American politician (1906–2005)

Fred Basset Blair (October 4, 1906 - March 21, 2005) was born in Berlin, Wisconsin, in 1906. His family, of French-Canadian heritage, has lived in the state for more than 150 years.

Blair attended the University of Wisconsin as a Zona Gale scholar.

Becoming active in left wing politics, he joined the Communist Party USA in 1929, running for governor in 1930, 1932, 1940, 1942, 1966, and 1974. He also ran for U.S. Senator for Wisconsin in the 1938 election. Blair survived multiple investigations into his activities in the 1940s and 1950s and remained as the head of the Communist Party of Wisconsin into the 1970s. In the governor's race in 1974, he received 3,617 votes.

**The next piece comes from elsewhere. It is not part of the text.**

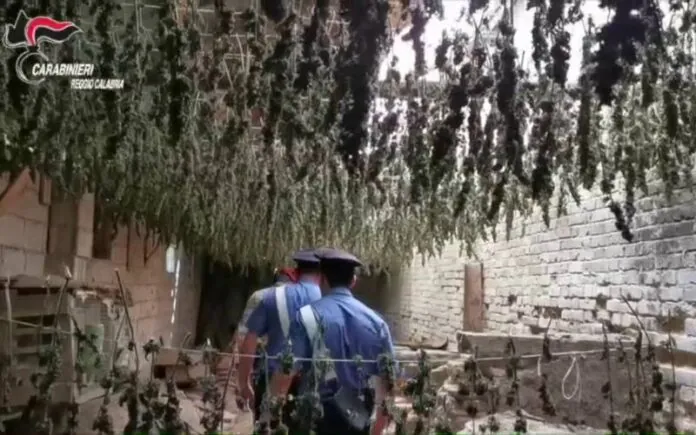 carabinieri-sequestrano-7-mila-piante-marijuana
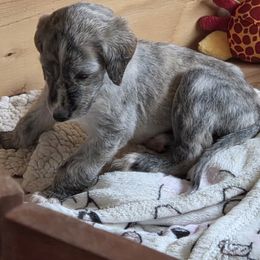 Afghan Hound Puppies from Summerbrook Afghans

Blair and his wife Mary ran a bookstore in Milwaukee for 13 years; it was known at different times as Mary's Bookstore, Mark Twain Bookstore and The People's Bookstore. Blair was known for his poetry and love of literature.

In November 1966, a 17-year-old Brookfield Wisconsin youth entered Mary's Bookshop and tried to shoot Blair with a handgun. Blair was not wounded, although a book dealer in the store was shot during a scuffle with the assailant.